How to Teach Yourself the Riverdance

Riverdance is a version of Irish step dancing, complete with rigorous lower body stepping. If you've ever seen Riverdance, you know that high-energy Irish step dancing is much tougher than people who make fun of the dance would have you think. Believe it or not, it's actually not that difficult to get starting learning how to Riverdance. You might not ever dance an Irish jig as well as Riverdance expert Michael Flatley, but you can certainly manage a passable imitation.
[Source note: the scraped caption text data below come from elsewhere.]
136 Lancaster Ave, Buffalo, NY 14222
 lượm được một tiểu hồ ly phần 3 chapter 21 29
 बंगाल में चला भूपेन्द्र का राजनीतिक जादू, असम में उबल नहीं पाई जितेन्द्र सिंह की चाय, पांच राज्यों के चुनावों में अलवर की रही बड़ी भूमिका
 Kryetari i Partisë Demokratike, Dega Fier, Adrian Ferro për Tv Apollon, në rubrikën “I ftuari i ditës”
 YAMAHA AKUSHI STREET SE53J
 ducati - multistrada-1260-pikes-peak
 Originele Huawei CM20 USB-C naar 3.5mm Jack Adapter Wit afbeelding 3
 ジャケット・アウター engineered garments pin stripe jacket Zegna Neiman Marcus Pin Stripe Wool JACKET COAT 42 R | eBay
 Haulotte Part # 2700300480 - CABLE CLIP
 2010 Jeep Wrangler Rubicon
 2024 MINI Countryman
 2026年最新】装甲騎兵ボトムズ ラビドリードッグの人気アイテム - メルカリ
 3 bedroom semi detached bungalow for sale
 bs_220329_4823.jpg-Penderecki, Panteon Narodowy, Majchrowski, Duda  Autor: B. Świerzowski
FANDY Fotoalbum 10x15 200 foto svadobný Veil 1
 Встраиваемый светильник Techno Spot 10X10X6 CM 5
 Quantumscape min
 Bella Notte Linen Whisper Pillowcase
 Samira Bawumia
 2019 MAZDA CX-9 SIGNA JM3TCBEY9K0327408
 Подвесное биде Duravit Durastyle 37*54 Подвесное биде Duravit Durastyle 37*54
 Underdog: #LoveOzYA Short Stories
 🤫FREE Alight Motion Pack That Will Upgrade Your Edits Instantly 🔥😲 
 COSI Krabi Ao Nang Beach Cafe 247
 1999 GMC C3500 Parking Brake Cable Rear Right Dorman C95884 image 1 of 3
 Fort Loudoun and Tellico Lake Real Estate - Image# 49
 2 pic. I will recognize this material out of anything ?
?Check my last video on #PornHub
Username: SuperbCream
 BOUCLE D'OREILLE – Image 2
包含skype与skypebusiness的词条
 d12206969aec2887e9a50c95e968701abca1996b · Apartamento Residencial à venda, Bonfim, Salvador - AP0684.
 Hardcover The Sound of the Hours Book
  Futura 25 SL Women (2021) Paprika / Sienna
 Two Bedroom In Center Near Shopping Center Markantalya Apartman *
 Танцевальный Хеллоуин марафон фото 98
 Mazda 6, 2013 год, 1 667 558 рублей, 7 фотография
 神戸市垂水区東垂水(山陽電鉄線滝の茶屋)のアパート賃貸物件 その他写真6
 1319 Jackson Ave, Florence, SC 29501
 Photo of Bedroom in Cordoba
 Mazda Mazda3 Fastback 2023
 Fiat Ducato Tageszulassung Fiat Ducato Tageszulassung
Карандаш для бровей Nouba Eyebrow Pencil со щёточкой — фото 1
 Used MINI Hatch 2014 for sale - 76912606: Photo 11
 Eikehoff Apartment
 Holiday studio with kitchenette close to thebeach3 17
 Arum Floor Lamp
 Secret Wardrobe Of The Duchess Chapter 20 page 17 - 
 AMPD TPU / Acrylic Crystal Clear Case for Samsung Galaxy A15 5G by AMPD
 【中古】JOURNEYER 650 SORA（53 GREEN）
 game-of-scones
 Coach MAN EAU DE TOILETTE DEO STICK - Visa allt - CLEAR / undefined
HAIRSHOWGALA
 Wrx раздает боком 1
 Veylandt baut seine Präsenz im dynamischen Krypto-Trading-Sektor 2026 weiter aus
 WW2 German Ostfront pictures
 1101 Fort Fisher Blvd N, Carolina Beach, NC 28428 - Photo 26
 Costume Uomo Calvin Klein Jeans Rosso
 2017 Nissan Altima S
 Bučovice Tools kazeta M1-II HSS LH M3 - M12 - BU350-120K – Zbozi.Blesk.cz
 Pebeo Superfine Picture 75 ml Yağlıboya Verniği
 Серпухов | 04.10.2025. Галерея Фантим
Watch Riverdance or another Irish step dance video. Note the way the dancers' legs move rapidly while the upper half of their bodies stay very still. Watch the video in slow motion. The dancers' feet are positioned so the toes of the left foot nearly touch the heel of the right foot, with the right foot turned 90 degrees to the side. Master this frequently used position.

Stand in front of a mirror while you practice. Make your body and leg motions match the leg motions of the dancers. Naturally, you won't get this perfect the first time you try, but if you practice, you will improve. Once you've tried some of the motions on your own, watch Riverdance again. You will notice details that you missed the first time.

Seek advice from the professionals. Learn to Dance offers a step-by-step written tutorial for Irish step dancing. Niall O'Leary's E-how video series on Irish step dance walks you through each part of an Irish step dance routine. Read the tutorial and watch the video, and then try out the moves yourself. This will reinforce your lessons and you'll be more likely to retain what you've learnt.

Practice, practice, and practice. The famous dancers of Riverdance did not learn their skills overnight, and neither will you. Practice your Riverdance moves every day for at least 30 days. Keep trying the moves at home, and soon enough you will be ready to reveal your new skills to your friends.